Improv - Making the Best of Dementia Behaviors

What I have learned in dealing with unusual behaviors is to just roll with them. I see it like improv, where I react to whatever’s happening with the openness to work through it cheerfully. Fortunately the behaviors my grandmother exhibits are rather mild, so it's not difficult to work through. If my grandmother doesn’t remember something, I say “that’s okay” and move on to something else. Positivity is key.

I also use other methods of communication like showing her imagery and photographs, making eye contact, smiling, patting her hand or arm, and including her whenever possible. It has made the entire difference for my own visits lasting a pleasant 4 to 5 hours, while my mother, who doesn’t utilize these methods, having less tolerable, even frustrating, shorter 30-minute visits.

While visiting my grandparents at their care facility, I noticed several behaviors of my grandmother’s that were unsettling, but possible to work though.

1) Slapping the table repeatedly
My grandmother often slaps her hand, palm flat, against the table. She does this several times in succession. My mother finds it annoying and usually tells her to stop doing that, but of course that does not help.

While I was there, visiting with my husband and mother-in-law in tow, my grandmother did this slapping the table behavior mostly during our conversations. It seemed to me at the time, and now confirmed after this week’s readings, that she must have felt left out of the conversation with the 4 of us (my husband, mother-in-law, grandfather and I) carrying on a normal conversation, and my grandmother unable to jump in, must have used this noisy action to break in to the conversation.

My method to comfort her was to make eye contact with her and smile. If I was sitting close enough to her, I would also pat her hand. This seemed to calm her behavior for a bit, but the slapping would return as soon as our conversation lingered too long without her.
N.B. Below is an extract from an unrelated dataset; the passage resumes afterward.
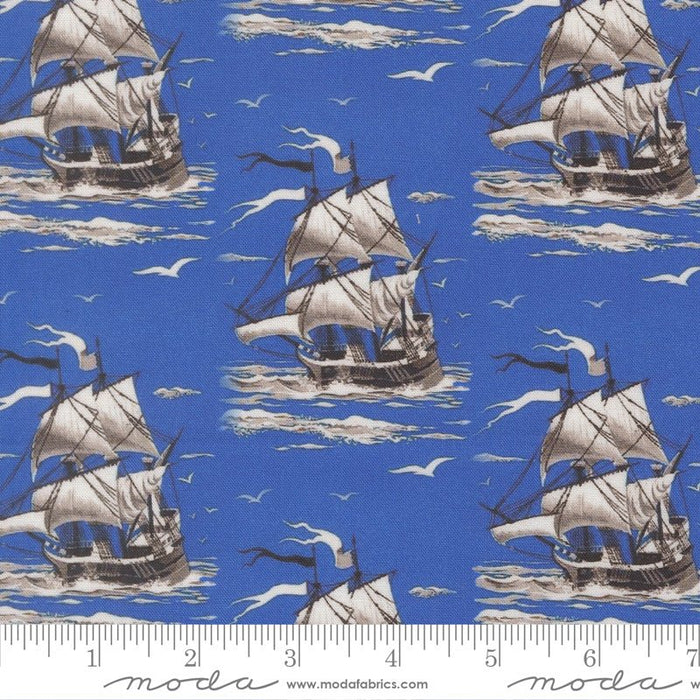 PRE - ORDER Saltwater by Cathy Holden - Ocean 39573 13 - Half Yard - March 2026 - Modern Fabric Shoppe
2) Interjecting “Bye Bye!” while waving (in the middle of conversations)
Another behavior during others’ conversations is that my grandmother will interject loudly, “Bye bye” while waving us away. I see this also as another way to break into the conversation.

My method for this behavior is to smile, make eye contact, and let her know we were staying a while longer. My grandfather usually shakes his head in frustration, but he doesn’t correct her as much as he used to thankfully.

3) Half sentences

While I was describing the delicious pancakes my grandmother used to make from scratch, she shook her head and waved her hand interjecting “Too much! Too much!” I tried to help her answer this thought more fully by offering, “Too much food?” or “Too much work?” She said, “work”, so we settled on that.

4) Unable to Communicate Food Preferences/Needs

While eating with my grandparents at their care home, my grandmother said she wasn’t hungry, then proceeded to pull French fries, pickles and strawberries off the nearest plates. Since the whole table was family, it wasn’t a problem. Still, I wanted to make sure she got enough to eat, so I cut my sandwich in half and give it to her (she took one bite and didn’t want it). So then I offered her more of the same items she was preferentially picking (finger foods like fries, grapes, strawberries, and pickles) off husband’s plate, then my mother-in-law’s plate, and finally sending my husband to bring her a whole plate of food.

5) Difficult Phone Calls
On her last birthday in November, she relayed to me that was not her birthday that day, but that her birthday was not until next September. I knew better than to correct her; I just said “Oh okay.” However, when she then asked, “Now who are you? Mom or dad?” I have to admit, I was thrown by this question. I wasn’t sure how to respond. As much as I read up on Alzheimer's and dementia, there still so much more to learn. The disease fascinates and amuses as much as it discourages and disappoints. It continues to grant me opportunities to learn something new.